Es sind für die anderen Parteien also noch 10 Sitze zu vergeben. Gemäss Ergebnis sind das 5 für die SPD, 3 für die Grünen und 2 für die FDP.
Wer diese Sitze erhält, entscheidet nicht das Los, sondern je Partei die absolute Stimmenanzahl der Bewerber im Regierungspräsidium.
Keine Rolle spielt, wie gross der Wahlkreis im Verhältnis zu anderen Wahlkreisen ist, das heisst in einem kleinen Wahlkreis bringt nur ein überdurchschnittliches Ergebnis bei gleichzeitig hoher Wahlbeteiligung einen Sitz, in anderen Wahlkreisen reicht aufgrund der schieren Grösse des Wahlkreises auch ein unterdurchschnittliches Ergebnis.
Dazu müssen wir allerdings das Regierungspräsidium Tübingen verlassen und uns im Regierungspräsidium Stuttgart umschauen.

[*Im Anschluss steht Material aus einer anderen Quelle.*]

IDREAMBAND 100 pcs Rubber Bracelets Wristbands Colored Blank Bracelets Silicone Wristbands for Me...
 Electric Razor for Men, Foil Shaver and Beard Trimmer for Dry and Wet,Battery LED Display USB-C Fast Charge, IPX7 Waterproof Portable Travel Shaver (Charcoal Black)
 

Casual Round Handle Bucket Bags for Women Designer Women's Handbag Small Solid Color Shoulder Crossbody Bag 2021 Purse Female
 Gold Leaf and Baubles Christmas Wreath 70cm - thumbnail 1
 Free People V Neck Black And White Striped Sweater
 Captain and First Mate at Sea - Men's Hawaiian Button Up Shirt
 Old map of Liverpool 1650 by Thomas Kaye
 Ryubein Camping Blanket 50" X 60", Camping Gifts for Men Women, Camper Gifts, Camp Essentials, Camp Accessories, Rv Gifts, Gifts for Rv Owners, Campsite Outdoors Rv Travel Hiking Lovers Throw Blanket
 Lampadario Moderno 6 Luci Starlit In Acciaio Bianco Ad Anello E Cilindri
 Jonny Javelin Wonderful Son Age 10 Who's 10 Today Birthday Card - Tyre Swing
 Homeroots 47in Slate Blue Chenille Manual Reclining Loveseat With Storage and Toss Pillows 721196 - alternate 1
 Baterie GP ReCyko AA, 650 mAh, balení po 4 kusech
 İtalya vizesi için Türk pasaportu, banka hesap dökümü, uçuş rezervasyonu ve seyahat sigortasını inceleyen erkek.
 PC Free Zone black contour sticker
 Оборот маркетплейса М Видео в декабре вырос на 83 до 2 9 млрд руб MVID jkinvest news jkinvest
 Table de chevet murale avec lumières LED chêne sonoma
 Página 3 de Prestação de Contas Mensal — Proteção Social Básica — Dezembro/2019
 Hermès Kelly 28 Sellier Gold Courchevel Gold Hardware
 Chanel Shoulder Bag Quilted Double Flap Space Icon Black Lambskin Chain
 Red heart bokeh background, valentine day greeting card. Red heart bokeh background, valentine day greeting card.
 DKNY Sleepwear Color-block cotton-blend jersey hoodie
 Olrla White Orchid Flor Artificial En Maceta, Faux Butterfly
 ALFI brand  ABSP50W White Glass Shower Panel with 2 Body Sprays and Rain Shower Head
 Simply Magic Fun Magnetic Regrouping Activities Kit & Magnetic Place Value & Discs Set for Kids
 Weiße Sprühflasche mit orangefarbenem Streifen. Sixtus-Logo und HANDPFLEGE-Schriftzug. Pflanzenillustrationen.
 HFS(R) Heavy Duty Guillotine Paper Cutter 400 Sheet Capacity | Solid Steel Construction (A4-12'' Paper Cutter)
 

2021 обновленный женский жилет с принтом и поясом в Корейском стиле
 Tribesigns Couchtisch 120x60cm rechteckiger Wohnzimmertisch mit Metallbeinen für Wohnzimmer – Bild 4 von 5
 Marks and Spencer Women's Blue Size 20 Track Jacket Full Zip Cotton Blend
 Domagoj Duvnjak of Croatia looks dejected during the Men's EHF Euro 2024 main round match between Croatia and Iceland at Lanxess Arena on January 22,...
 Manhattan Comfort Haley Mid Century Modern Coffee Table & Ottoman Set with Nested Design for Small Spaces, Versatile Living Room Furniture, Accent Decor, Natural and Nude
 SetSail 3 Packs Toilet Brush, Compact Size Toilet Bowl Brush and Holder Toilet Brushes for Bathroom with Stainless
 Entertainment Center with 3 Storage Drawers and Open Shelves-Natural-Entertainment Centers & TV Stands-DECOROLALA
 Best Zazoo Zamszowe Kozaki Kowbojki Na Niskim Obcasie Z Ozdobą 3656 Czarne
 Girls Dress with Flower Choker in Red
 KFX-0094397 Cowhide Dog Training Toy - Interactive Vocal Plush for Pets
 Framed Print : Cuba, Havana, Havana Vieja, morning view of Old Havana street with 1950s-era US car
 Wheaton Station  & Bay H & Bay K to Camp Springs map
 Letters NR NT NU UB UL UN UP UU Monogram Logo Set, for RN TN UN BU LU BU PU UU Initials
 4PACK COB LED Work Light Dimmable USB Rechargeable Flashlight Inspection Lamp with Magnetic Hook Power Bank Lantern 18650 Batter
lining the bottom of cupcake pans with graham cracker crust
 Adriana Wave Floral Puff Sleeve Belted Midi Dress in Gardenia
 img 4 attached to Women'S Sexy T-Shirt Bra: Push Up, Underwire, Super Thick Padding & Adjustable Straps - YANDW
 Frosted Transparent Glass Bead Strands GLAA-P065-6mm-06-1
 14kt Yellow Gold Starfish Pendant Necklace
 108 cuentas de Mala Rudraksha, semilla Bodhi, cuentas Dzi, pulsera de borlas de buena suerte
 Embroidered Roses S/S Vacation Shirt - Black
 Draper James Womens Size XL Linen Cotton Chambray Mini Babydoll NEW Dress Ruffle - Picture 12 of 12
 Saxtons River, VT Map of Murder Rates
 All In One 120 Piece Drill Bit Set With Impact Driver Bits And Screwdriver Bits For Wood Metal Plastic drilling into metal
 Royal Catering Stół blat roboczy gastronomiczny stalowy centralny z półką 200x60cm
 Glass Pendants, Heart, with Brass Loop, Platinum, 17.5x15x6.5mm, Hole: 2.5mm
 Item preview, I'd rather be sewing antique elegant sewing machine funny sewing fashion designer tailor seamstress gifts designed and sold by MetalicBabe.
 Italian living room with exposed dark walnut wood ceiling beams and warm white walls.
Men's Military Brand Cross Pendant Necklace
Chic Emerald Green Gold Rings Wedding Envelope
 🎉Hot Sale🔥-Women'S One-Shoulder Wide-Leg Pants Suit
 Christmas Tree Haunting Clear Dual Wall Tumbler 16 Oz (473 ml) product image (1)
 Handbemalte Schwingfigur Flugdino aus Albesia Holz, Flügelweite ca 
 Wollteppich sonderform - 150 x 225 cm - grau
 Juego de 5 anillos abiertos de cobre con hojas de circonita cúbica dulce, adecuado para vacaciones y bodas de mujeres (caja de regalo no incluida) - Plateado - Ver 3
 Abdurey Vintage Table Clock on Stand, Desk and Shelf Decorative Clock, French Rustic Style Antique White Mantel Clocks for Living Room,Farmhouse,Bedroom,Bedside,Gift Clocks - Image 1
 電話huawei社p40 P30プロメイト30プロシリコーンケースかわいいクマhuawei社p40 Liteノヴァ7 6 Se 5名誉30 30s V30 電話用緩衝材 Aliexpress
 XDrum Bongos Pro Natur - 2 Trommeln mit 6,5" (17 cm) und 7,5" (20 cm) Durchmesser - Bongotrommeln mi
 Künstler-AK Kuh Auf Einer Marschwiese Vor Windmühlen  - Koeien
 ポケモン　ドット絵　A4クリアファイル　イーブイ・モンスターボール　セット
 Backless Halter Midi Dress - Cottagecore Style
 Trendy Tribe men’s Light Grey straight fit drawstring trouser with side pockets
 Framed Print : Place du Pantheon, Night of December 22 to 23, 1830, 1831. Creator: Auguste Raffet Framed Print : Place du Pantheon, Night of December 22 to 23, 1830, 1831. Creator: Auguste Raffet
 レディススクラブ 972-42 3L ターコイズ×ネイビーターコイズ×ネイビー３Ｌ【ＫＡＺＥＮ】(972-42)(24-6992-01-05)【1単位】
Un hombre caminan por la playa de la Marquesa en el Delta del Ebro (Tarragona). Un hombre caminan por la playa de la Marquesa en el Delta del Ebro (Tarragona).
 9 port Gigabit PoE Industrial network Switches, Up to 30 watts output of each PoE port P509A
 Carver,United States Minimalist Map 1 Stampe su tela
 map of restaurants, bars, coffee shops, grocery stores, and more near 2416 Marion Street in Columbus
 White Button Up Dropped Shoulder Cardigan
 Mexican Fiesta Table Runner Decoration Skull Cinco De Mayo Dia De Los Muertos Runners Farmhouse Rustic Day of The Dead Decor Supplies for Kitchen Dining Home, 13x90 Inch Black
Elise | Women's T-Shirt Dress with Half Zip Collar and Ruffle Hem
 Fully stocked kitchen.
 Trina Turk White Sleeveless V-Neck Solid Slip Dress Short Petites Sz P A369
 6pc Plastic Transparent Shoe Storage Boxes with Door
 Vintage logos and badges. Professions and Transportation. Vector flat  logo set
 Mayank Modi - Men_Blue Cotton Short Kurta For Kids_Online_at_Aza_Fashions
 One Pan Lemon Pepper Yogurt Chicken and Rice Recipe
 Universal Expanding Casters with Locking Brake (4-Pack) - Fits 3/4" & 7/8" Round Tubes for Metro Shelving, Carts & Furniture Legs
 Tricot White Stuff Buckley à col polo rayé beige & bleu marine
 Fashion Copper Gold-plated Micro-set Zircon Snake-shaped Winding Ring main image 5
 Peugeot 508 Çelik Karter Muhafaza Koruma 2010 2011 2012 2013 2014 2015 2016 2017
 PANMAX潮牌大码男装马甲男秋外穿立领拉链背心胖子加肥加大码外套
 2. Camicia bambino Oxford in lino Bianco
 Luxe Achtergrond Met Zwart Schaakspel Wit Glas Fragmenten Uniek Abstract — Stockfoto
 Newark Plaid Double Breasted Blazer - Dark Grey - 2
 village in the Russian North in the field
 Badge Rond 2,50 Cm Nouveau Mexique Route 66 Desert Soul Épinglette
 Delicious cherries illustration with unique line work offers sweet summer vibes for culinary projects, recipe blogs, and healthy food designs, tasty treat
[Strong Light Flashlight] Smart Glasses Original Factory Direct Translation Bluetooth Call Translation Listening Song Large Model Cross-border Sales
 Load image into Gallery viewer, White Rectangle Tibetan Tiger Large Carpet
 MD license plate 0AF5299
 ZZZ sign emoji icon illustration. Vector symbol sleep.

Der SPD-Kandidat aus Schwäbisch-Gmünd hat 27% der Stimmen (im Wahlkreis) auf sich vereinigt und sitzt nicht im neuen Landtag, wohingegen der SPD-Kandidat aus Nürtingen nur 23% der Stimmen (seines Wahlkreises) erhalten hat, aber einen Sitz erhält. Das liegt zum Grossteil am Grössenunterschied (133’000 Wahlberechtigte in Nürtingen und nur 102’000 in Schwäbisch-Gmünd) andererseits auch an der Wahlbeteiligung und an der Mandatsverteilung innerhalb der Regierungspräsidien.
Dem Schwäbisch-Gmünder SPD-Kandidaten (RP Stuttgart) waren 14’428 Stimmen zuwenig, dem Balinger SPD-Kandidaten (jetzt sind wir wieder im RP Tübingen) haben 14’046 Stimmen zum Einzug in den Landtag gereicht.
Die Zahl der Abgeordneten, die ein Wahlkreis jeweils stellt, schwankt von 1 bis 4.
4 Wahlkreise stellen je 4 Abgeordnete, 15 Wahlkreise je 3 Abgeordnete, 27 Wahlkreise je 2 Abgeordnete und 24 Wahlkreise dürfen nur einen Abgeordneten schicken (kurzer Gegencheck 4*4+15*3+27*2+24 = 139; stimmt).